“If you saw him in a dark alley at night, most people would be scared,” said Keanon Alderson, associate professor of business and director of the Business Administration Program at California Baptist University, when speaking of the fall graduation’s student speaker.
Clad in his signature flannel and motorcycle vest with tattoos on his 250-pound frame and a bald head, Tyler Johnson, senior business administration major, is not what some people would expect of a student speaker at graduation. However, some believe it is exactly what makes him influential.
A Riverside native, Johnson graduated high school at 16. He joined the military the next year and was deployed to Sicily, Italy.
After returning, he attended CBU and during his sophomore year, he heard about Bikers Against Child Abuse while watching the news. BACA is an organization built of motorcycle riders intent on protecting children who have been abused.
He said he unintentionally met a representative the exact day he had decided to call for more information.
“I wanted to focus on something that would be positive with my biker image, but wasn’t even thinking of using motorcycles to do it,” Johnson said.
After speaking with the representative, he attended two consecutive meetings, which are required for people interested in joining and became a supporter for a year.
To be a supporter, BACA candidates must have a thorough background check and are later evaluated to determine if they are dedicated members. Once a member, they receive a patch on their cut, or jacket, to signify membership, which Johnson said he wears proudly every day.
As a BACA member, Johnson said he has the privilege of helping kids feel safe.
The organization has two different levels of participation and protection, which include guarding and escorting the child where they need to go and holding “awareness rides” in the area to announce their presence and show support.
“These kids are braver than I could ever imagine,” Johnson said. “They have instilled so much strength into me.”
Lisa Singer, administrative assistant in the Career Center, said society’s expectations on how someone should look do not apply to Johnson.

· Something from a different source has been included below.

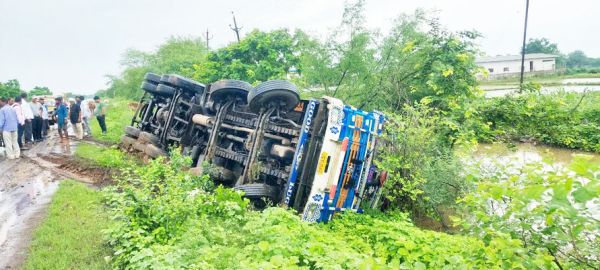 मवेशियों को बचाने के फेर में ट्रक हाईवे पर पलटा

“(Johnson) may look one way, but he has a heart that is pliable,” Singer said. “He has taken the investment of an education seriously. He recognizes it as a gift. And in turn, he wants to pour into others so it is important for students to see that. He comes in, looking hard and rough around the edges, then you get to know his heart. He has a heart that wants to serve.”
Singer said Johnson is a relatable person, regardless of the way he looks to society, who will make an excellent speaker.